Eve gelince 911’e telefon ettim, soyulduğumu, canımı acıtmadıklarını, bir şey yapılması için değil, yalnızca bilgilendirmek için aradığımı söyledim. Hattaki kişi olay yerini sordu, “Çocuklar siyah mıydı, beyaz mı?” dedi, giysilerini tarif etmemi istedi, sonra “sokağa çık, polis arabası geliyor seni almaya” dedi.

Arabada arkaya oturdum, öndeki iki polisin biri arabayı kullanıyordu, diğeri sürekli telsizle konuşuyordu. Birkaç sokak gidip durduk, baktım polisler kaldırımda iki siyahîyi durdurmuş bekletiyorlar. “Bunlar mıydı?” dediler, “Hayır” dedim. Başka bir yere gittik, orada da titreye titreye iki kişi bekliyor, “Bunlar da değildi.” Özetle, o bölgede nerede gençten iki siyahî görmüşlerse gelip bakmam için durdurmuş bekletiyorlardı. Hiç aklıma yatmadı, “Beyler, bunu yapmaya hakkınız var mı? Doğru mu bu?” gibisinden bir şeyler dedim, arabayı durdurup avaz avaz, küfrün bini bir para bağırmaya başladılar: “Keyfimizden mi yapıyoruz? Sen soyulma diye yapıyoruz. Senin gibi ‘PC’ler (siyaseten doğrucu) yüzünden oluyor bunlar zaten.” “Beni soyanlar Hispanik olsaydı, beyaz olsaydı ne olacaktı? Bu adamlara derilerinin renginden dolayı potansiyel suçlu muamelesi yapıyorsunuz” dedim. “Bırak bu ağızları, kimin yolda adam soyup kimin soymadığını sen de bal gibi biliyorsun” dediler. “Öyle olsa da bu yaptığınız çözüm değil, bence suça teşvik” deyince daha da tepeleri attı, “Senin gibilere müstahak, gelecek sefere bir de bir yerine bir şey saplasınlar da gör” deyip telsize “Bırakın hepsini gitsin, bu adam bozuk çıktı,” bana da “H..tir in git” dediler. Taksiye binecek para da, o saatte bir bankamatikten para çekecek cesaret de kalmadığından, soğuktan dişlerim takırdayarak epeyce bir yol yürüdüm eve varmak için.
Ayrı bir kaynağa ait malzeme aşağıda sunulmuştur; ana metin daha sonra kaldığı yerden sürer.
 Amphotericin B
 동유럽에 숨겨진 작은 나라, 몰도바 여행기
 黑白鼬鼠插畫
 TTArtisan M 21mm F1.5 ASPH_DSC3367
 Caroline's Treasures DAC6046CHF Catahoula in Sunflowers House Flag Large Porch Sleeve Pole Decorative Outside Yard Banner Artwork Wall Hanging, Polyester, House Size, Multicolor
Ertesi gün kibar bir polis aradı, o çocuklara rastlarsam hemen aramam için özel bir telefon numarası verdi. Ve de birkaç gün sonra baktım, benimkiler köşedeki parkta oturuyorlar. Yaşları sandığımdan da küçüktü. Sonradan hayatlarına eğri yollarda devam etmiş olmaları büyük olasılık, ama o gün bunları tutuklatsam başlarına gelecekleri, doğru yolu bulma şanslarını ellerinden büsbütün almış olacağımı düşündüm ve polisi aramadım. Soygun sırasında hırpalanmış olsaydım da aramaz mıydım acaba? Bilmiyorum. Ama bunun hiç kimseye bir yararı olmazdı, ona hâlâ eminim.